No customer's names?
Sorry.
Well, you know, it's a new concept.
And yeah, we're working with them to help them build that out.
But I would say that those were their concepts, their ideas.
They got inquiries from their customers to provide that type of service.
Well, I'll tell you one name and you don't have to say anything.
I'll say it because it's on your website.
I'm so glad they're your customer.
If this is true, it's Ticketmaster because I can't get my T-Swift tickets.
I can't get my other tickets.
I need to get these tickets, Ticketmaster.
Come on, SLO.
Anyways, I can imagine that's got to be somewhere in there.
Well, I've heard that the ticket sale went much better than some other ticket sales.
Yeah.
Oh, is that right?
Well, maybe that's a good thing.
I didn't hear any news about this, so maybe it went better, but yeah.
Right.
Gosh, the world would be on fire if you couldn't get your Beyonce tickets.
Oh, yes.
Oh, yeah.
I just bought some Jerry Seinfeld tickets here in Austin via Ticketmaster.
Had no problem, thankfully.
Jerry Seinfeld is a little less popular than, say, Taylor Swift or Beyonce, but still cool.
Still cool.
I agree.
I missed his performance in Santa Barbara a month ago or so.
You know, when I did some initial research on this, I like to go to a couple of different sources.
One that sort of is an easy button, but not everybody goes there for their first search. And it's YouTube.
And the reason why I go there is because I'm a premium YouTube user.
I cannot stand advertisements on YouTube.
They're just terrible.
I don't mind good ads.
I hate bad ads.
Yeah.
But I go to YouTube and I search SLOs and I start to get educated on SLOs and who's
using them, who's talking about them and whatnot.
And it's mostly Google and then you.
Right?
Okay.
So like the results were Google, Google, Google, and then Noble 9.
And I think it was a 90-second video.
It was like SLOs in 90 seconds.
So one, I would optimize more for maybe improving that video
or doing a follow-up that's better because the audio quality wasn't super amazing.

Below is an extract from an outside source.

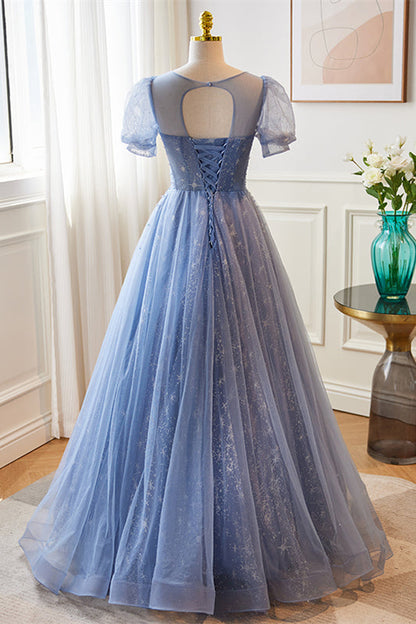 Blue Illusion Neck Puff Sleeves A-line Sequined Long Prom Dress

But you did commit to your objective. There you go, which was 90 seconds. So congratulations
on that. But I mean, it feels like this is an enterprise problem coming down to everyday
applications. Would you agree with that? Like where's the maturity with SLOs? They're becoming
more known. You're about a year or so into this more well-known space. But what's the maturity level of teams truly leveraging SLOs to their advantage?
So first of all, interesting, I got to go do the YouTube search because that's definitely not something that we see in real life.
I think the situation is that, you know, Google definitely has been pushing the concepts for a long time and they have teams that just focus on that 100%.
But within engagements that we have outside,
there are a couple other companies that focus on SLOs,
but every single monitoring company
or observability company out there
has got some kind of solution
or something to say about SLOs.
And that's really like the real life situation for us.
Data Trace, Data Dog, Neuralik.
I mean, everybody else, right?
Just name them.
So the real life, I guess, it's a little different than YouTube.
And then maturity, where is it?
You know, it's our point of view.
Like we haven't really done like a huge market, you know, research.
And we've had conversations with a number of
analysts and they of course
agree that the market is
maturing. People understand
how SLOs help them run their business
on the base of our
customers. You mentioned
one or two. Their
SLOs are becoming the
core of the operation.
I would say that way.
One of our customers called it tier zero of observability
that helps them really bring it all together,
allows them to see different teams and different operations
at the same level, right?
It's the same reference point, I would say.
So you don't have this issue where you have four nines that are completely
differently defined versus three nines and so forth.
And you really get a good idea of, you know, how things are performing,
where you take dependencies, what they can offer.
And then finally, a lot of customers, I would say probably every single one
of our customers is using SLS for planning.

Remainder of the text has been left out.